There are four groups considered "national minorities," which means their ancestors lived in their regions for many centuries. These groups are the Sorbs, Danes, Frisians, and the Roma and Sinti. There are about 50,000 Danes in the northernmost region of Germany. The Sorbs, who are a Slavic people, live in the Lusatia region. There are large populations of Frisians in Lower Saxony and the western coast of Schleswig-Holstein.
About 3.4 million Germans are living abroad.
Germany Religion, Economy and Politics
The majority of Germans are Christian, either Roman Catholic (29.9%) or Protestant (29.8%), although 1.3% of the population are also Orthodox Christians. Islam is the second largest religion in Germany, with an estimated 6.1% of the population according to a 2017 Pew Research Survey. Germany has the second largest Muslim population in Europe, at nearly 5 million, and is expected to grow significantly in the coming decades.

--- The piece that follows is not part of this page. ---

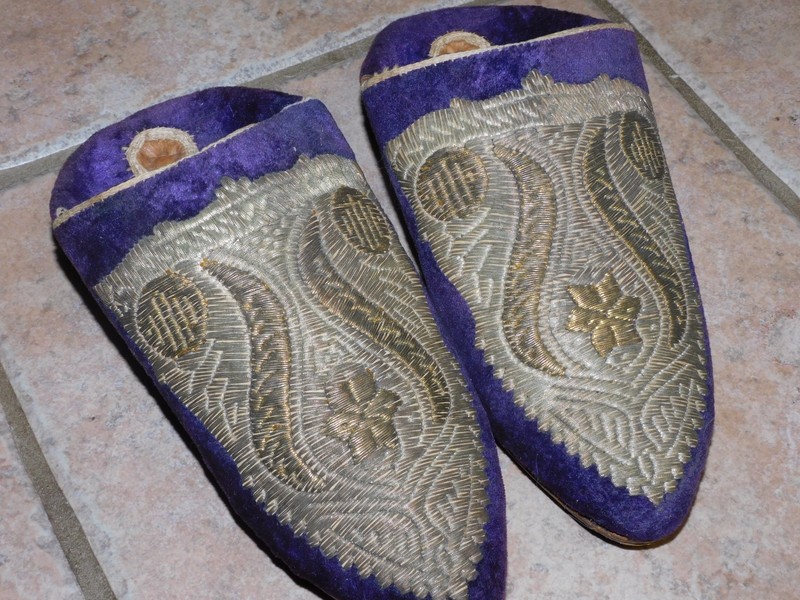 ANTIQUE HANDCRAFTED LEATHER AND GOLD EMROIDERD TURKISH SHOE, SLIPPERS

The largest single group, however, is non-believers, who make up 34% of the population. The number of atheists and agnostics is far higher in Eastern Germany than in Western Germany, largely because of the Communist East German state's general policy of discouraging religious belief.
German Population History
Censuses have only been intermittently conducted in Germany, and the last one took place in 1987. Instead, the German Government relies on extrapolations from sample data collected from a small percentage (around 1%) of the population. Still, Germany did participate in the EU-wide census in 2011, which gave much-needed insight into the country's population.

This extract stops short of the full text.